Story supplied by LU Press Office

Mount St Helens crater with a growing lava dome Mount St Helens crater with a growing lava dome

Research from the Lancaster Environment Centre and University College London (UCL) is helping scientists to understand volcanic earthquakes and could give vital clues to predicting hazardous volcanic activity, such as the recent eruption in Chaiten, Chile.

Researchers know that small volcanic earthquakes occur underground in the vent feeding the magma (or molten rock) to the surface prior to many eruptions. Small earthquakes also occur within lava domes - huge, unstable mounds of highly-viscous (thick) lava that are slowly erupted at volcanoes such as Montserrat (West Indies) and Chaiten (Chile).

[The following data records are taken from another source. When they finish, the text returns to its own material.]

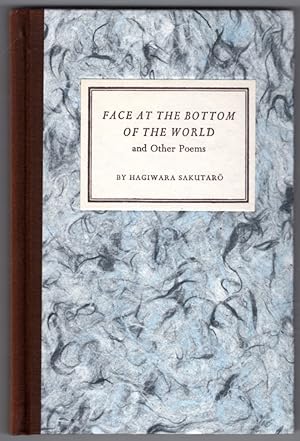 Image du vendeur pour Face at the Bottom of the World and Other Poems (Unesco Collection of Representative Works: Japanese Series) mis en vente par Lake Country Books and More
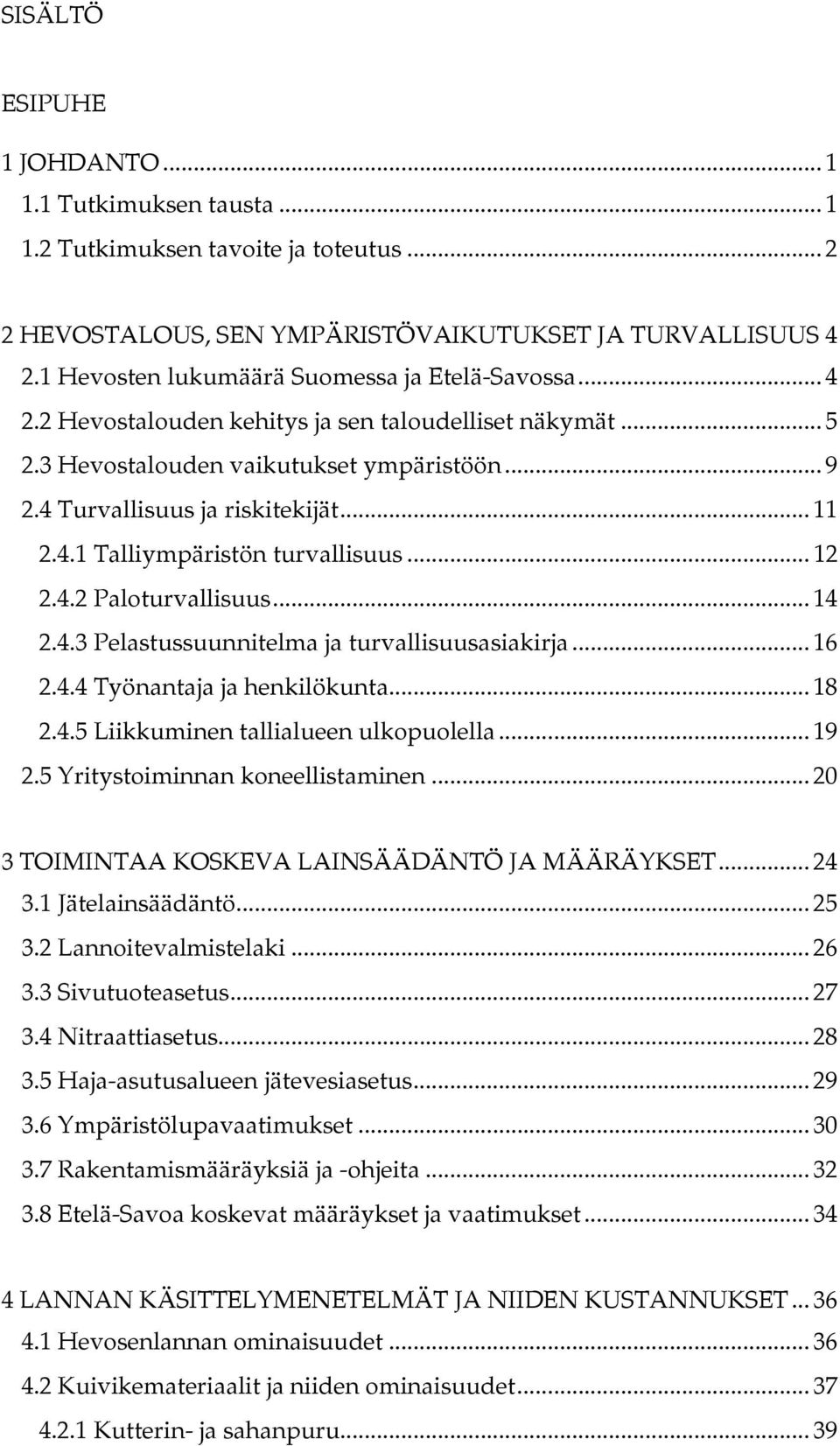 4.1 Talliympäristön turvallisuus... 12 2.4.2 Paloturvallisuus... 14 2.4.3 Pelastussuunnitelma ja turvallisuusasiakirja... 16 2.4.4 Työnantaja ja henkilökunta... 18 2.4.5 Liikkuminen tallialueen ulkopuolella.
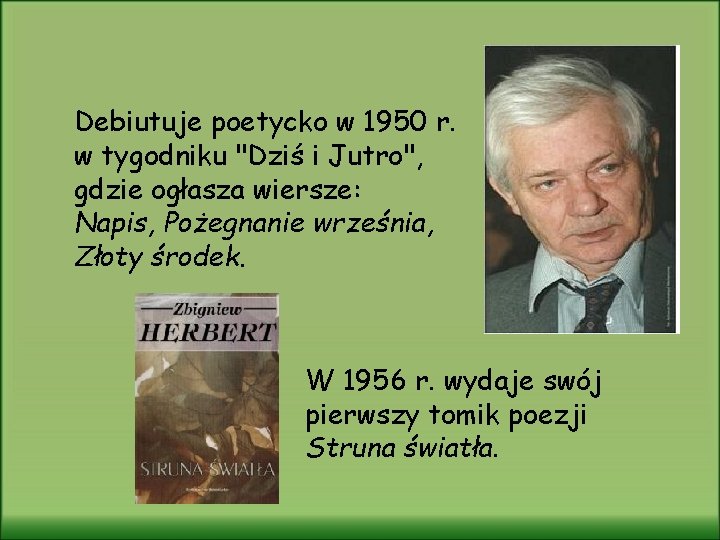 Debiutuje poetycko w 1950 r. w tygodniku "Dziś i Jutro", gdzie ogłasza wiersze: Napis,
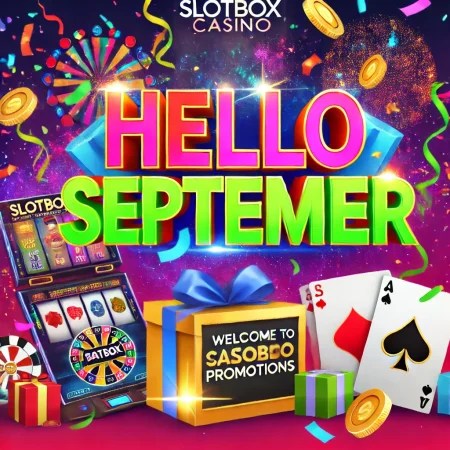 Exciting offers to Claim at Slotbox Casino:  “Hello September” Slotbox Promotions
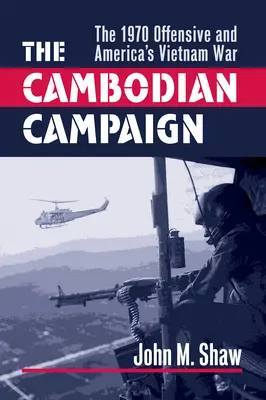 Campania din Cambodgia: Ofensiva din 1970 și războiul american din Vietnam - The Cambodian Campaign: The 1970 Offensive and America's Vietnam War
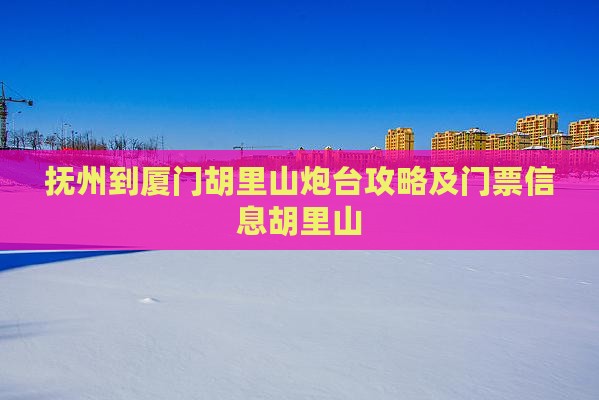 抚州到厦门胡里山炮台门票 抚州到厦门胡里山炮台门票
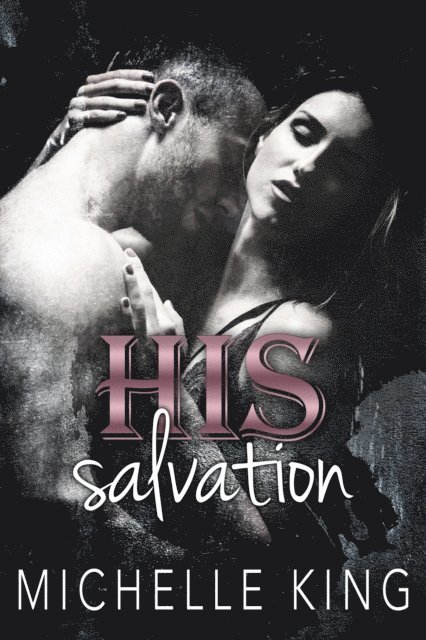 Michelle King - His Salvation, E-bok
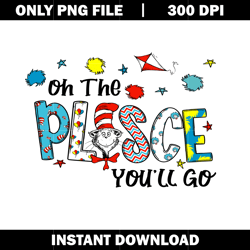 Quotes png, oh the plasce you'll go png, Dr Seuss png, logo design png, digital file png, Instant download.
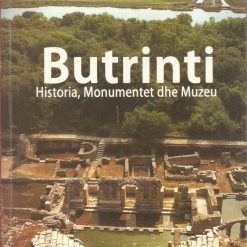 Butrinti Shqip Historia Dhe Monumentet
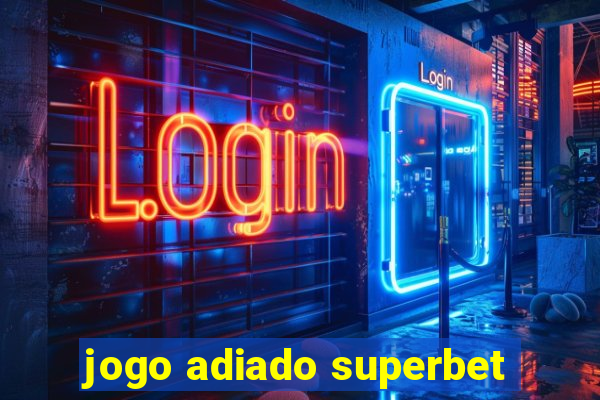 jogo adiado superbet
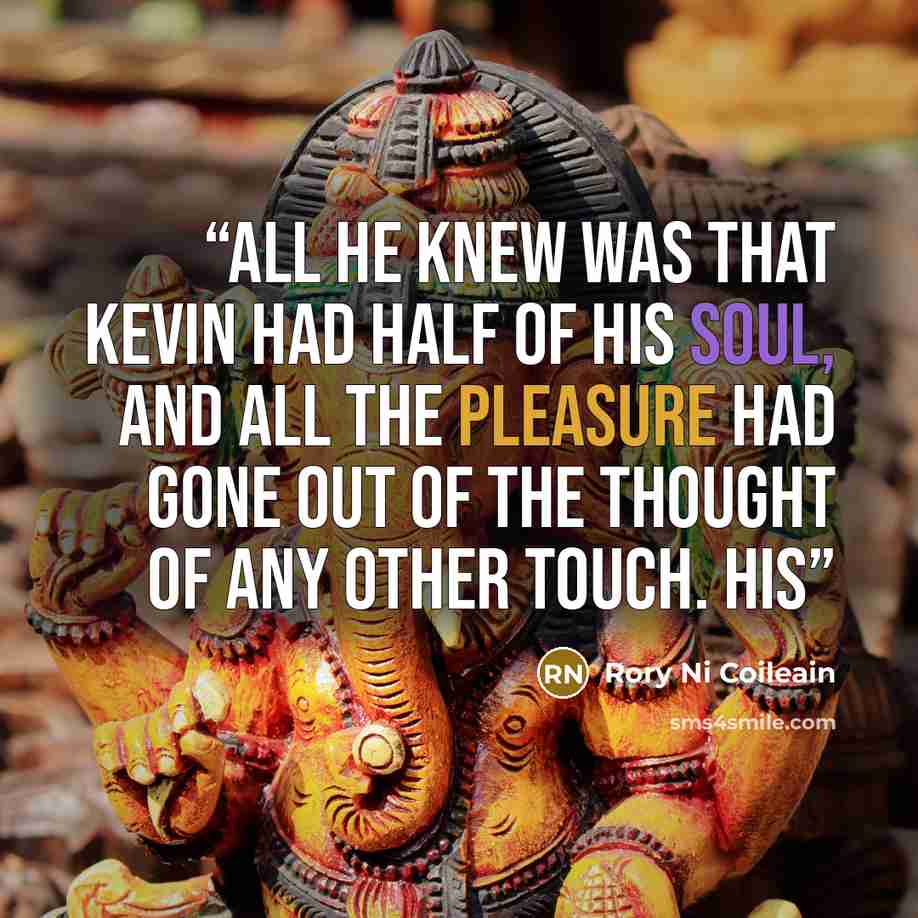 “All he knew was that Kevin had half of his soul, and all the pleasure had gone out of the thought of any other touch. His” quote by Rory Ni Coileain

These earthquakes provide vital clues as to whether an eruption is imminent, or whether a slowly growing lava dome will suddenly collapse or explode. Scientists have for years been trying to understand how the earthquakes are triggered and how they relate to the state of the volcano.

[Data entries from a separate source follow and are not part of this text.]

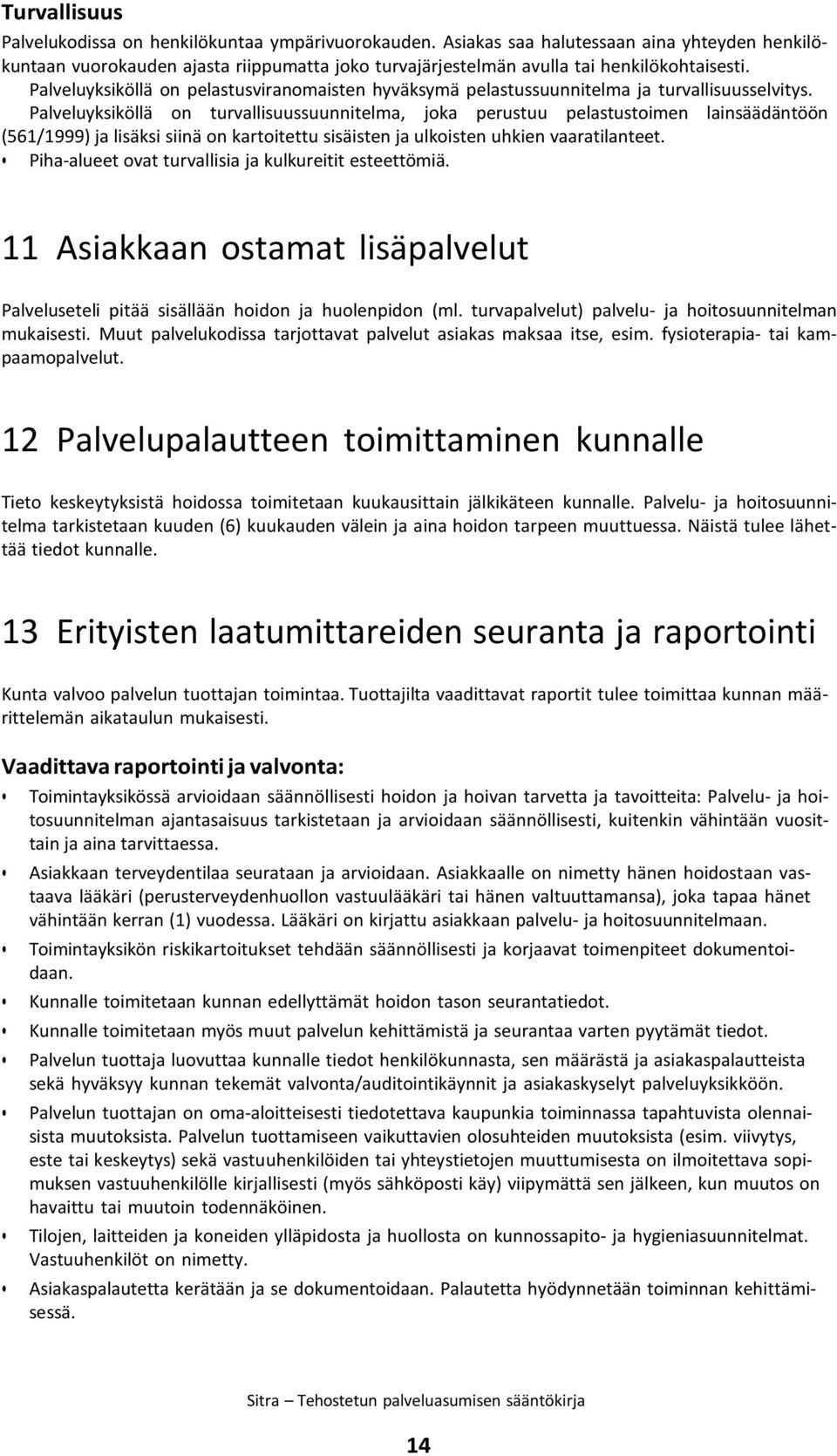 Palveluyksiköllä on pelastusviranomaisten hyväksymä pelastussuunnitelma ja turvallisuusselvitys.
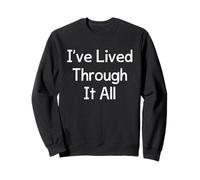 I've Lived Through It All Sweatshirt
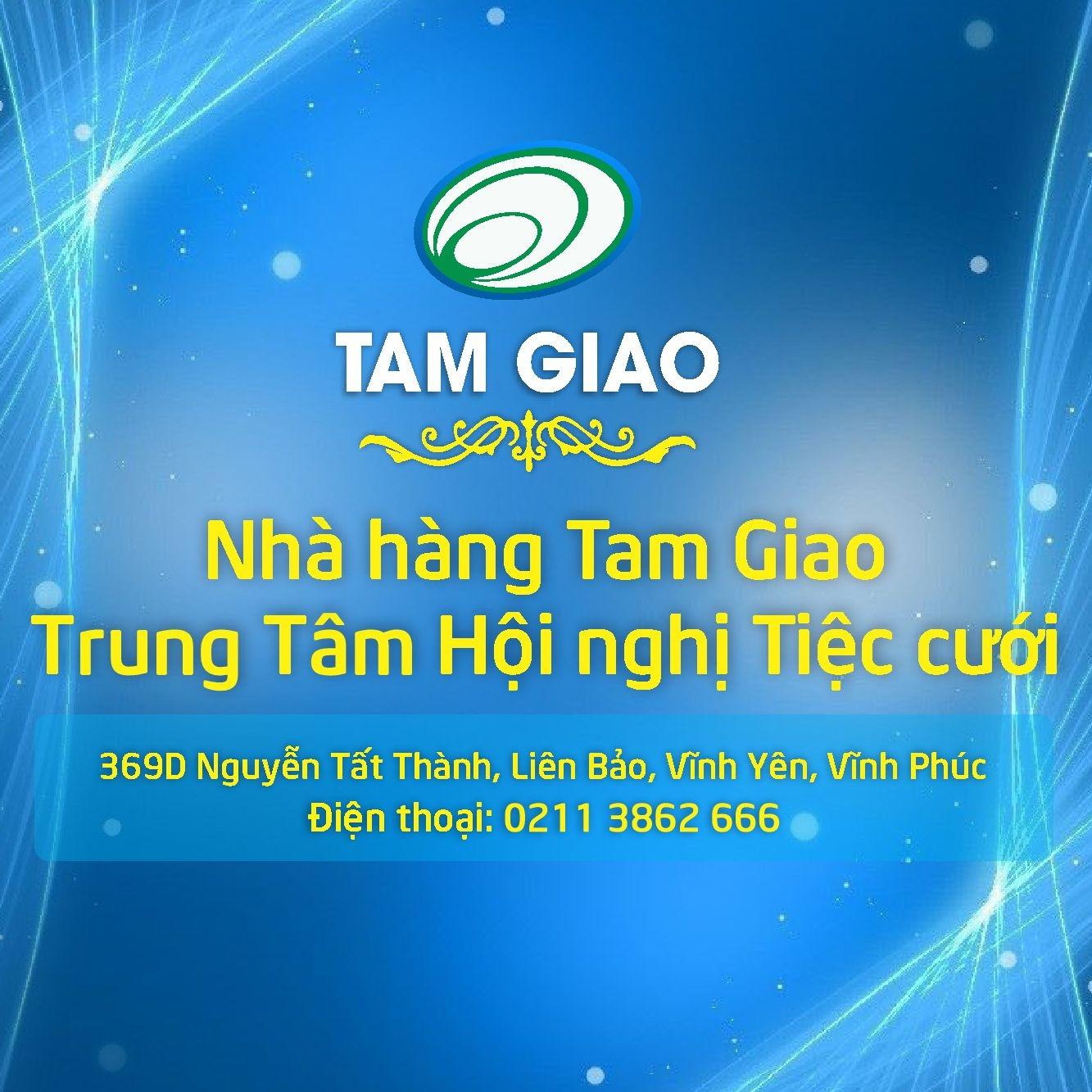 Nhà Hàng Tam Giao - Trung Tâm Hội Nghị Tiệc Cưới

Lancaster and UCL researchers have gone a step closer to being able to reliably recognise which patterns of earthquakes mean that hazardous volcanic activity is imminent.

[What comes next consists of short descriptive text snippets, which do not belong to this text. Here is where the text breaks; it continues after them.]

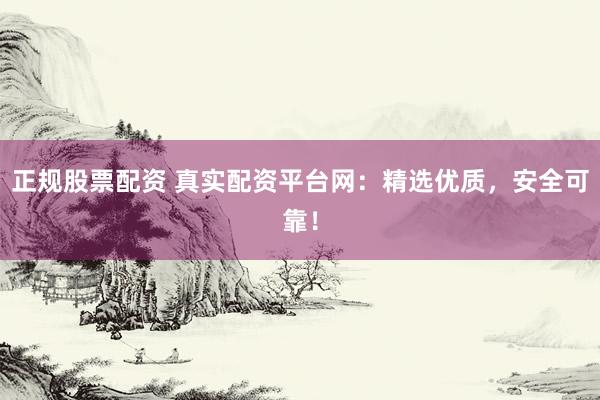 正规股票配资 真实配资平台网：精选优质，安全可靠！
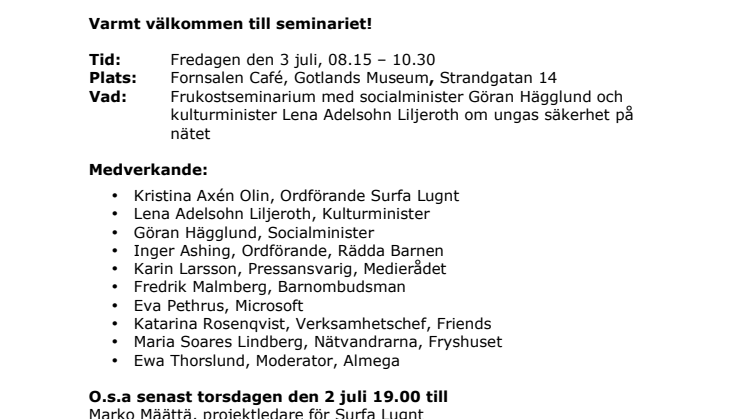 Socialminister Göran Hägglund och kulturminister Lena Adelsohn Liljeroth deltar i Surfa Lugnts Almedalsseminarium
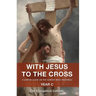 With Jesus to the Cross: A Lenten Guide on the Sunday Mass Readings: Year C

These volcanic earthquakes have been assumed to occur in the relatively cool rocks (less than 600 degrees) surrounding moving magma, but new research published in Nature May 22, suggests that volcanic earthquakes can be generated by the fracturing of very hot, moving magma ( molten rock) itself -up to 900 degrees or even hotter.

To prove this researchers Dr Hugh Tuffen from the Lancaster Environment Centre with Rosanna Smith and Peter Sammonds from UCL, broke samples of lava in a high-temperature, high-pressure press at University College London, that can simulate the conditions inside a volcano, and attached microphones to the samples to record the micro-earthquakes that were then given off.

The surprising result confirms that fracturing of hot magma can trigger earthquakes, and the small (metre-scale) faults that scientists have recently discovered in viscous lavas, are actually fossilised volcanic earthquakes. Fracturing occurs when highly viscous silica-rich magma rises to the surface as it is too thick to flow smoothly and cracks start to form, which then develop into tiny, hot faults. Movement on these faults then triggers earthquakes and the patterns of earthquakes indicate how the magma is moving.

Dr Tuffen explained: "There has long been controversy over what causes volcanic earthquakes. Our research shows that earthquakes may be generated in rocks far hotter than previously thought. This gives us new insight into what is happening inside volcanoes when shallow earthquakes are recorded and will help us to better predict some of the most hazardous forms of volcanic activity."